Jul 17 2021

Making a Window Manager

By Edward Wibowo

In pursuit of achieving a better understanding of window managers, I created my own rendition of a tiling window manager: critwm.

At the time of writing, critwm is by no means a perfectly functioning window manager; it is riddled with bugs and impractical solutions. However, I would say it is somewhat usable and contains the core features of a window manger with some extra bells and whistles.

Extra features that can be found in critwm include:

Compile-time configuration
Dynamic layout switching
Multiple monitor support (with Xinerama)
Inter-process communication support

This blog post is not a tutorial of any sort. It is more of an overview of some of the things I learned throughout the process of writing critwm.

Backend

Beneath the layers of superfluous features such as layout management and IPC is a backend communicating with the X11 display protocol. X11 is a windowing system commonly found on systems running Linux and provides a thorough framework for manipulating and retrieving information about windows on a screen. Xlib can be used to interact with the display protocol, providing a myriad of useful functions. The size, position, and state of every window can be manipulated using Xlib.

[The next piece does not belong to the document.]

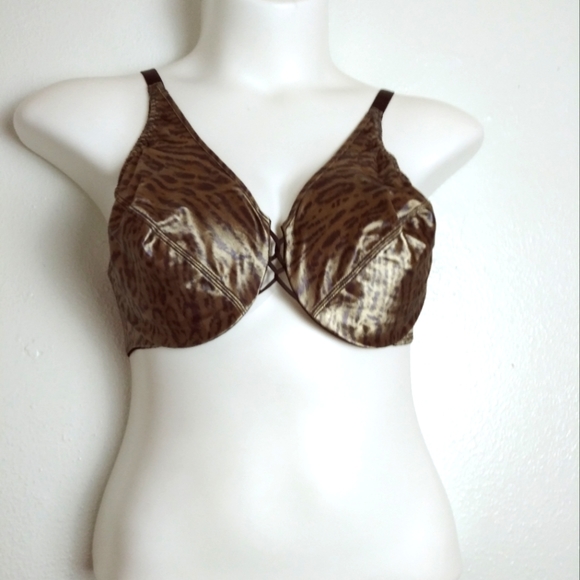Bra Underwire Full Coverage Size 40D Animal Print Black - Picture 1 of 9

However, Xlib is originally written in C so critwm, being written in Rust, relies on bindings. More specifically, x11-dl. There are slight deviations in terms of the usage of Xlib functions due to Rust’s particular intricacies; however, for the most part, it is a one-to-one mapping to build a window manager.

Handling X11 Events

The main functionality of the backend is to read, interpret, and act upon events received from the X11 server. A Rust-like way of interpreting these events can be done through pattern matching:

pub fn handle_event(&mut self) -> CritResult<()> {
    // ...
    let mut event: xlib::XEvent = unsafe { mem::zeroed() };
    unsafe { (xlib.XNextEvent)(self.display, &mut event) };
    match event.get_type() {
        xlib::KeyPress => {
            // ...
        }
        xlib::MotionNotify => {
            // ...
        }
        // ...
        _ => {}
    }
    Ok(())
}

Listing 1: X11 Event handling using Rust pattern matching.

The function handle_event forms the core of the backend and is the gateway to the majority of the window manager’s functionality. A list of the possible event types can be found here. A basic window manager does not need to respond to every event.

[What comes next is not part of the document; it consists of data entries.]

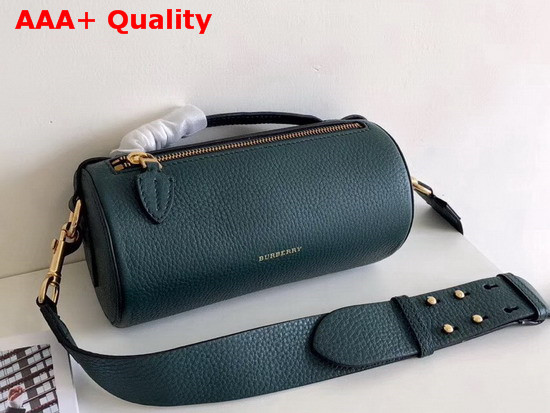 Burberry Leather Barrel Bag in Dark Cyan Calf Leather Replica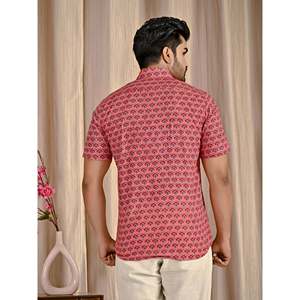 Chemise décontractée pour homme en coton pêche imprimé, col montant, manches courtes, tissu popeline respirant, taille 6XL - Product Image 6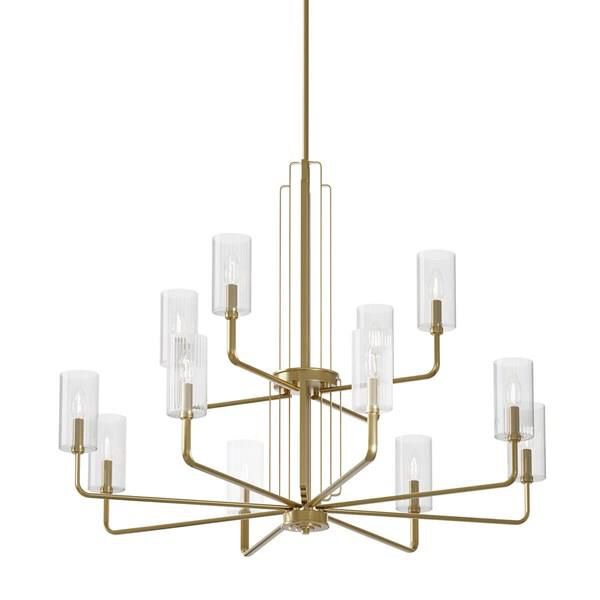 Shown in Brushed Natural Brass finish and Clear Fluted glass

Handling User-Invoked Events

In addition to X11 events, the window manager should be able to respond to user events as well. For example, the user may want to kill a client, toggle floating mode, or change workspace. critwm handles this through a signal system, which is a stack of pending signals (user-invoked events).

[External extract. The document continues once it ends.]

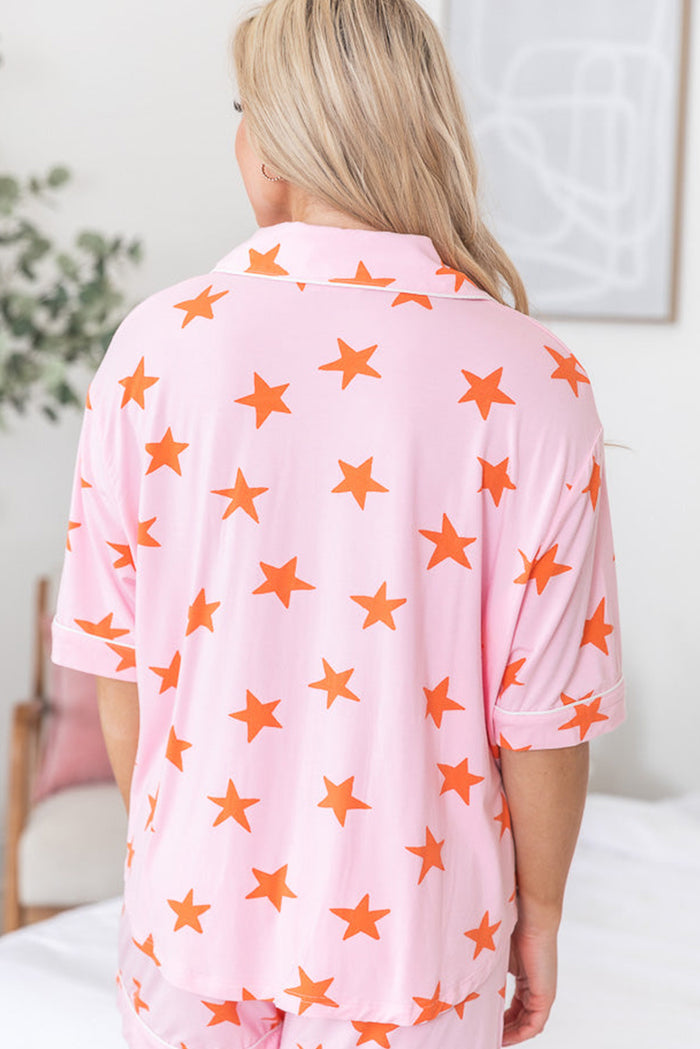 Pink Stars Short Sleeve Shirt and Shorts Bamboo Pajama Set 🇺🇸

A list of possible user events can be summarized in the following enum:

#[derive(Debug, Clone)]
pub enum Signal {
    Quit,
    KillClient,
    ToggleFloating,
    ToggleBar,
    SetLayout(usize),
    ChangeWorkspace(usize),
    MoveToWorkspace(usize),
    FocusMon(Dir),
    FocusStack(Dir),
    // A combination of FocusStack and FocusMon. Only focuses another monitor if there is no other
    // client to focus on the stack without looping.
    FocusDir(Dir),
}

Listing 2: Signal enum.

Some signals have an associated value to further specify the actions that should be taken. For instance, SetLayout has an associated usize to specify which layout to switch to.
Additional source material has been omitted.